We are experiencing a pretty critical issue with a client. This is a client with a pretty large db. At some point, EventStore crashed. I am not sure the specific error they received that crashed EventStore.

However, when they try to restart Eventstore, they are in a situation where it is rebuilding inexes.

We are using version 4.1.4.0.

To be clear, they left the database rebuilding indexes for weeks without it finishing.

I do have a log message:

[PID:04904:017 2021.03.13 00:00:51.416 DEBUG IndexCommitter ] ReadIndex Rebuilding: processed 2734447060 records (48.2%).

The machine has 32gb ram, but memory is pegged at 99% while this is going on.

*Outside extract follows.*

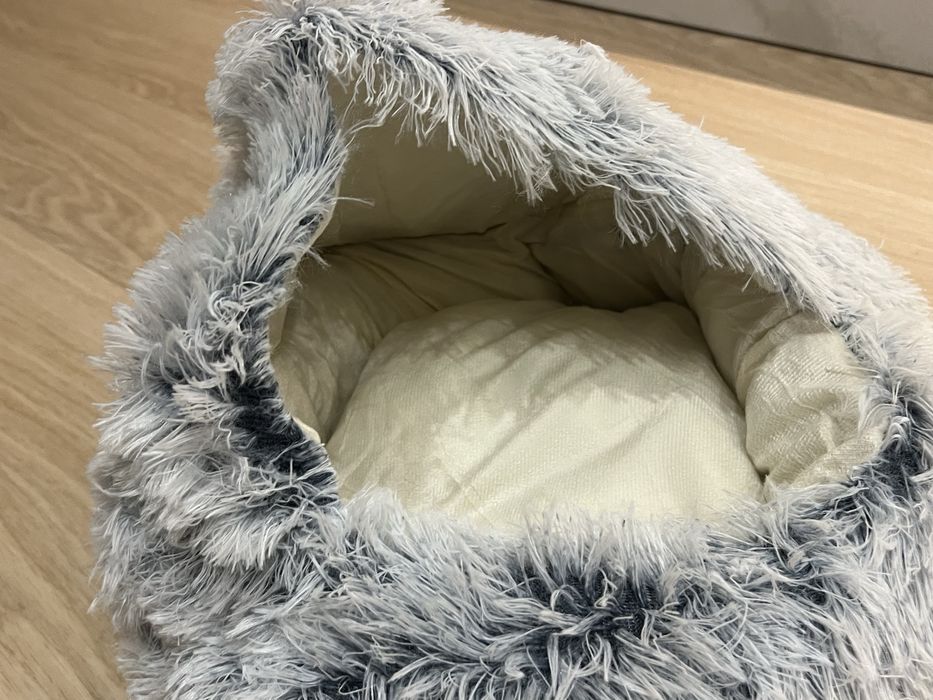 Legowisko dla kota z daszkiem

Tomaz_Strukelj · September 22, 2021, 5:38pm

The server needs more memory for indexing process than for normal operation. Use a machine with more memory for creating the index.
If you don’t have it at your disposal then use a cloud server instance with 64GB memory or more, depending on how large is your db folder. Archive the db folder into a .tar.gz , upload it to the temporary instance , install the same 4.1.4.0 version and start it with the extracted db folder.

We’ve been in a bit similar situation with the same 4.1.4.0 version , the cluster started consuming a large amount of memory due to a bug that allowed a large event to be inserted and when master crashed due to out-of-memory, then the election caused another memory spike (a few GB within one second) for some reason - we’ve never observed that up to that point - and that just continued until we increased the instance size. We first thought the problem is with the index, so we started the reindexing process on one node while we restored the cluster with other 2 nodes.
With a 32GB instance, 350GB db folder and 20GB index size , it ran for 3 days, got to around 80% at which point it consumed whole 32GB . As we sorted out the cluster earlier with the old index this wasn’t an issue for us. We would need a 64GB server to recreate the index - we haven’t done that yet as it seems there’s no need for that.
I’ve observed how the indexing process creates smaller index files and then merges them together into bigger ones, so you can check if the indexing process is working or it got stuck - just check the index folder if there’s any activity there.

Have you lost the old index? maybe you have an old index in a backup, you could restore that one and Eventstore would reuse as much as it could and then continue indexing from that point onward. Do you have a single node or a cluster of 3?